"I pray that Fidel Castro should die of a painful heart attack. My prayer morphs into a meditation as if I could cause this event to happen. I concentrate on it. I envision him alone in a plain bed. He’s wearing boxer shorts and a sleeveless camiseta. A ceiling fan spins on the ceiling. I envision his heart and the blood vessels that provide blood to it. I imagine myself clamping those vessels shut with my fingers. Sometimes I just envision crushing his heart with my bare hands." — Henry Louis Gómez, "A Nightly Prayer," Babalú, January 18, 2009
A "painful heart attack?"
Really, there are worse ways to go.
Since nothing is impossible for God, why not ask that Fidel be struck by lightning or that the earth open up and swallow him? Hackneyed, granted, but still quite lyrical and no more than he deserves.
Or perhaps implore God to turn Fidel's anus inward so he can drown in his own excrement? Well, that prayer has been answered anyway, for whomever it was that made it. Still, the successful supplicant did not take into account Castro's almost inexhaustible ability to assimilate shit, so the world still waits for him to reach his limit.
Perhaps Henry is right — a quick heart attack might have been best.
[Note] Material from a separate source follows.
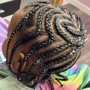 Kid's Extension Braids Removal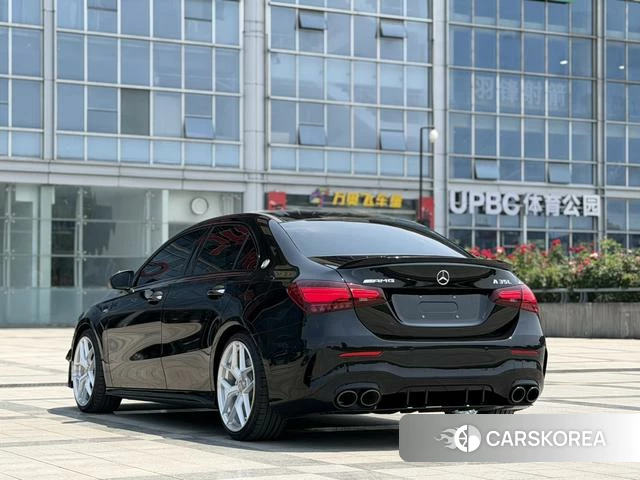 Mercedes-Benz Class A AMG 2024 Черный из Китая, фото 4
As for his fantasy about carrying out God's sentence on Fidel, though the sentiment does Henry credit, his technique is far too complicated for the task at hand. We are talking about an 82-year old man who may weigh at most 140 lbs. A pillow over his face should do the trick, or, if Henry insists on laying hands on him, it shouldn't be too difficult to snap his neck or twist it like a chicken's.
The problem is not killing Castro; it never has been. He is as mortal as any man and surely more people want him dead than not. The problem is getting close enough to Castro to do it. The only man outside Castro's immediate circle to have had that opportunity was Ted Turner when he went quail hunting with Castro 20 years ago. Fidel actually used to load his rifle for him. Too bad that Ted is not the shot that Vice President Cheney is.
I should advise Henry to forget about the small details in his mind's eye (e.g. the boxer shorts and sleeveless camiseta) and the "ceiling fan spinning in the ceiling" (where else?) and concentrate instead on how he's going to get pass Castro's security detail. There's the rub since even his own sons don't have unrestricted access to Fidel. So, definitely, Henry's fantasy needs a prequel which explains how he evaded Castro's praetorian guard to carry out this mission of mercy (for all Cubans, except Fidel). Perhaps there is a clue in Nostradamus Dorshner's Prophecies; he should consider plumbing these some more.
To make Henry's "meditation" more historically accurate, I should let him know that Fidel wears pajamas, the old-fashioned kind with a belt (yes, swimming suits had belts once, too). There's a famous picture of him arrayed in that attire and maybe I can find it for him.
I only regret that Henry did not make the ajusticiamiento of Fidel Castro his first BUCL Campaign.